High blood pressure is the single most important risk factor worldwide for the development of cardiovascular disease, being responsible for about half of all cases of strokes, ischaemic heart disease, and heart failure.1
High blood pressure seems to be a more powerful cardiovascular risk factor than indicated by earlier studies.2
The gains achieved by successful blood pressure control (defined as systolic blood pressure ≤140 mm Hg) have been quantified for adults in the United Kingdom.3
With an assumed reduction of 28-44% in stroke and 20-35% in ischaemic heart disease, a total of 43
000 strokes and 83
000 cases of ischaemic heart disease would be prevented in the UK annually. However, gains in health outcomes must be set against the considerable costs involved.
Over the past two decades, several countries have conducted community surveys on blood pressure detection and control. Based on national surveys, 12-25% of the population of five European countries had blood pressure above 160 mm Hg systolic or 90 mm Hg diastolic compared with 7.4% in Canada and 5.3% in the United States.4
Among these hypertensive populations, 41-52% of those in European countries were taking antihypertensive treatment compared with 62% in Canada and 78% in the US. The authors commented that European countries had higher hypertension prevalence and substantially lower treatment rates coupled with less successful control of hypertension.

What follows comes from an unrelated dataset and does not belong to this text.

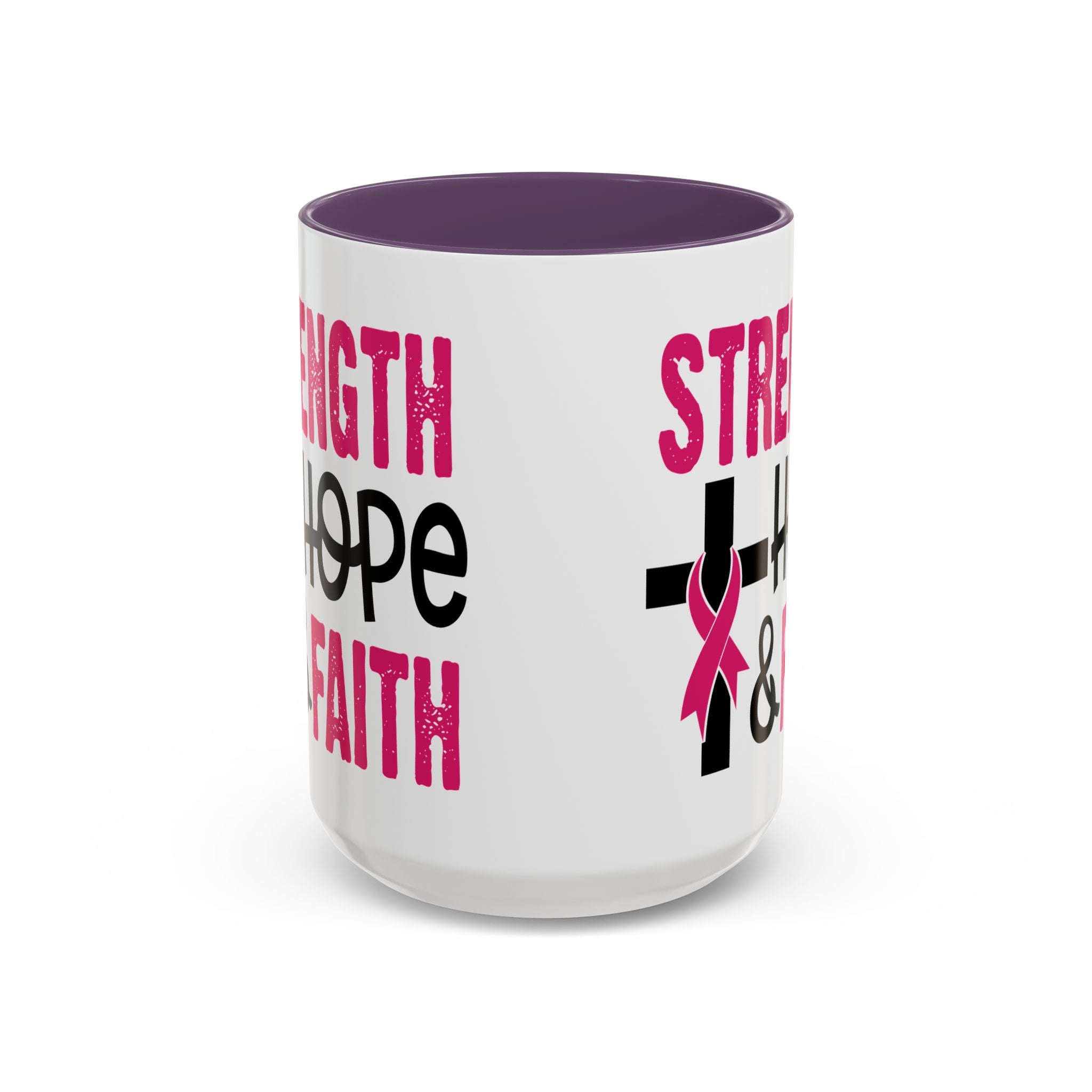 Inspirational Coffee Mug - Strength, Hope, Faith, Pink Ribbon, Christian Gifts, Motivational Drinkware, Breast Cancer Awareness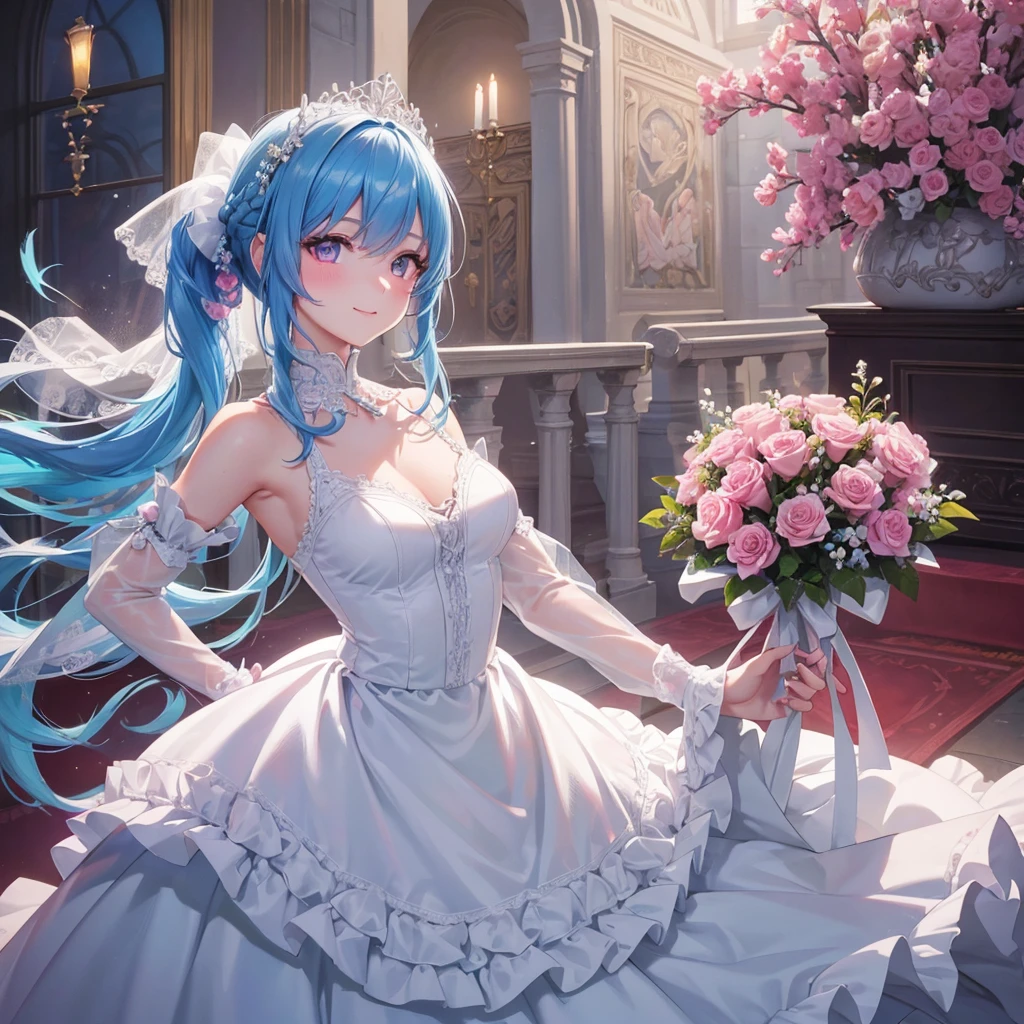 Sky blue hair, (One braided ponytail),(Pink Eyes),Fair skin ,(whole body),(One girl),bride,A big smile,Straight bangs, 6月のbride,Wedding dress,(masterpiece, Highest quality, Very detailed, Best Shadow), (Detailed Background), (Beautifully detailed face), High Contrast, (Best lighting, Very delicate and beautiful), ((Cinematic Light)), colorful, Hyper Detail, Dramatic Light, Intricate details,Chapel background,A bouquet of roses in the right hand,Ring on left ring finger,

In England the most recent detailed national population survey data are from the health survey for England conducted in 2003. A total of 8834 adults aged ≥16 years were surveyed with blood pressure readings taken on three occasions. Their mean blood pressure was 131/75 mm Hg. Of those with hypertension (blood pressure ≥140/90 mm Hg or taking antihypertensive drugs), 61.7% were aware of their diagnosis, 47.7% were receiving antihypertensive treatment, and 21.8% had adequate blood pressure control (blood pressure ≤140/90 mm Hg).5
In 2004 the contract for all UK general practitioners was revised to include a pay for performance system accounting for up to a quarter of total annual income. This system, termed the quality and outcomes framework (QOF), has provided new performance data aggregated at practice level.6
A total of 135 performance indicators are currently applied to each practice, measuring aspects of the structure, processes, and outcomes of primary care. Many of the performance indicators have a public health dimension, reflecting the increased public health role of primary care. Achievement of blood pressure recording for all registered patients aged ≥45 years is monitored annually. So too is the achievement of blood pressure target levels for all patients with any of five chronic conditions that are included in the QOF—hypertension, coronary heart disease, stroke and transient ischaemic attacks, diabetes, and chronic kidney disease.

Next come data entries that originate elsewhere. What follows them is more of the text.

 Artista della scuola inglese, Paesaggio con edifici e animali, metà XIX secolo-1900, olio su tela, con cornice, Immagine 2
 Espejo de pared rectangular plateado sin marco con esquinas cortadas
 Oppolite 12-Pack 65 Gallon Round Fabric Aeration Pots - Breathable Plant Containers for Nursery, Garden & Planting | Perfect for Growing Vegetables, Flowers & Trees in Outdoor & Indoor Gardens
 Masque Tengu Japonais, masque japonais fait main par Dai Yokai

The linkage of financial incentives to performance targets was intended to drive up the standards of primary care. It has also been observed that health inequalities between different population groups may be diminished as overall collective achievement increases. For example, the introduction of cervical smear targets for UK general practices in 1990 resulted in practices in affluent areas rapidly achieving the highest targets, initially widening the health inequality gap. Within a few years, however, practices in deprived areas had caught up, resulting in an eventual reduction in inequality based on social deprivation.7
This phenomenon has been termed the inverse equity hypothesis.8
In general terms, this hypothesis predicts that new public health interventions initially reach the wealthier sector of the population and then later begin to benefit the poor. In consequence, inequity ratios are initially increased, only to be diminished once the poor gain access to the intervention and a ceiling effect is reached in the richer population. Reduced QOF achievement was reported for practices in socially deprived areas in the first year of the QOF, though differences were small (6.1% of the total QOF score), but by year 2, this gap had reduced to 2.9%.9
No studies have yet reported on year 3 QOF data, and none has explored the possible association between the achievement of blood pressure indicators and social deprivation.
We decided to use the data available through the QOF to provide a current perspective on two measures—national rates of blood pressure monitoring in primary care patients and the achievement of blood pressure control targets in patients with chronic conditions. We aimed to describe changes in these two measures over the three years since QOF data have been available. In addition, we describe the effect of any changes over time on health inequalities between general practices in deprived and less deprived communities.